At Simon-Kucher we have come across several challenges that organizations have faced when introducing dynamic pricing:
All stakeholders might need to change the way they’ve been operating. For example: product and marketing teams need to change how they price, finance teams must revise how they monitor margins, and sales teams need to amend how they execute prices in the market. It’s a three-dimensional change – how to set, evaluate, and execute prices.
Data scientists need to keep the model up-to-date and ready-to-use. They must explain aberrations in the model and ensure its efficacy.
It’s common for sales teams to resist the model’s price suggestions. While these can be altered, sales teams will have to explain to their customers why they wish to deviate from the suggested price.
Customers can also resist price changes, as they may not understand the rationale for it. The model suggested price will be different, even though slightly, from past transactions with similar dynamics. Sales teams will have to explain the reasons behind the changes, which will be doubly challenging if they’re not onboard.
Teams will need to start tracking market dynamics closely by analyzing granular data points. Collecting market data once a quarter may not be enough. Data needs to be collected, cleaned, and transformed regularly to be correctly inputted into the model.

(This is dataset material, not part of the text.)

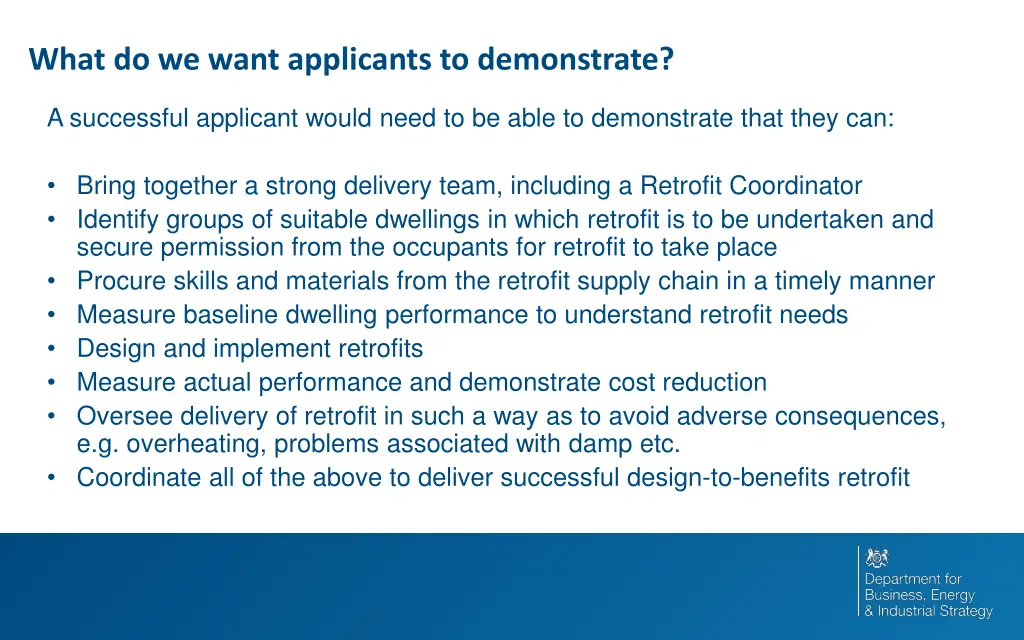 what do we want applicants to demonstrate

What are the best change management practices that B2B companies can adopt to overcome these challenges?
1. Be inclusive
As we briefly touched on in Part 1, stakeholders from pricing, marketing, sales, and finance should be involved in designing, developing, validating, and implementing dynamic pricing from the start. The level of stakeholder involvement will vary depending on the project stage. Stakeholders from different departments bring different expertise and skills to ensure the success of dynamic pricing. The roles and expertise they bring are as follows:
- Knowledge of current pricing practices and how dynamic pricing fits
- Understanding and utilizing product features that act as differentiators
- Access to customer data and insights, like willingness to pay
- Executing customer level strategies
- Budget targets and cost tracking
- Validating customer level price points
- Sharing market feedback to update the model
2. Maintain a good balance between educating and training teams
This is one of the biggest challenges when implementing dynamic pricing. For instance, it’s not uncommon to start with having to explain what dynamic pricing is and what its applications are to all stakeholders. Googling dynamic pricing will generate a lot of information, however, that level of understanding is insufficient to prepare stakeholders correctly. It’s crucial, therefore, to both inform and practically train teams.

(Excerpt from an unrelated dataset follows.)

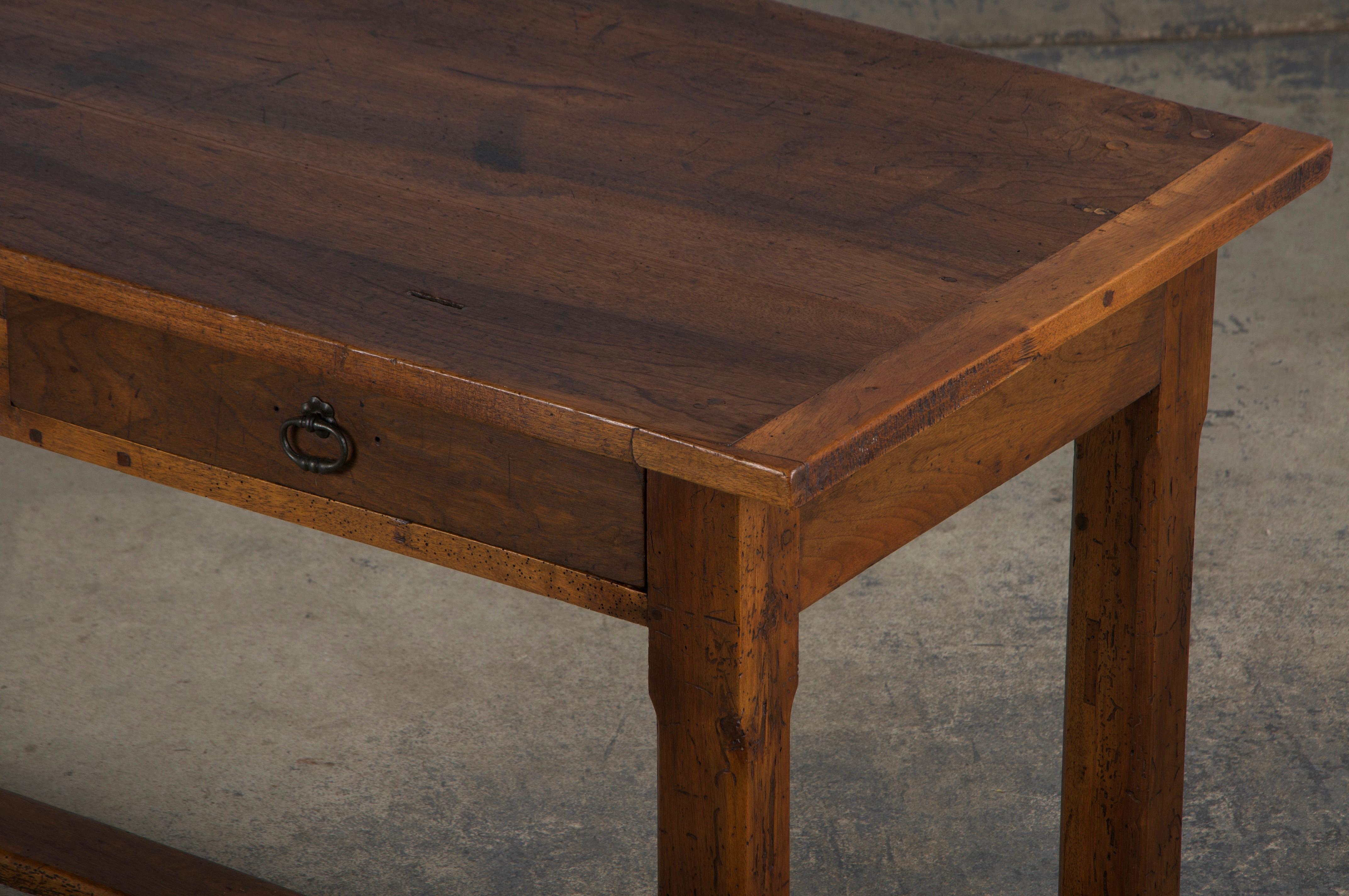 19th Century Country French Walnut Farmhouse Trestle Table 4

To ensure successful change movement its critical to maintain balance educating about the benefits and developing capabilities
3. Give it time
The exact number of weeks needed to implement dynamic pricing will depend on existing capabilities. These capabilities are not just technical skills (like data science or Python) they include quality of data and pricing processes, as well as the ability to review results and apply business judgment.

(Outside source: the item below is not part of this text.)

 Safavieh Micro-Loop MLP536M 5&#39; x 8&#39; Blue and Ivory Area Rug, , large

Therefore, it’s important to analyze all these capabilities in your organization prior to introducing dynamic pricing. From our experience, a typical timeline to design and implement a model spans from 12 to 15 weeks. As mentioned, this estimate comes with a lot of caveats.
4. Pilot the pricing system before full roll out
Given the scale of the change, we recommend implementing dynamic pricing in phases or through pilots. Pilots will help to evaluate the results and then tweak the model as needed. It’s best to test the model in a controlled setting (e.g., with a few customers, branches, products) and within a time frame (i.e., a month or quarter).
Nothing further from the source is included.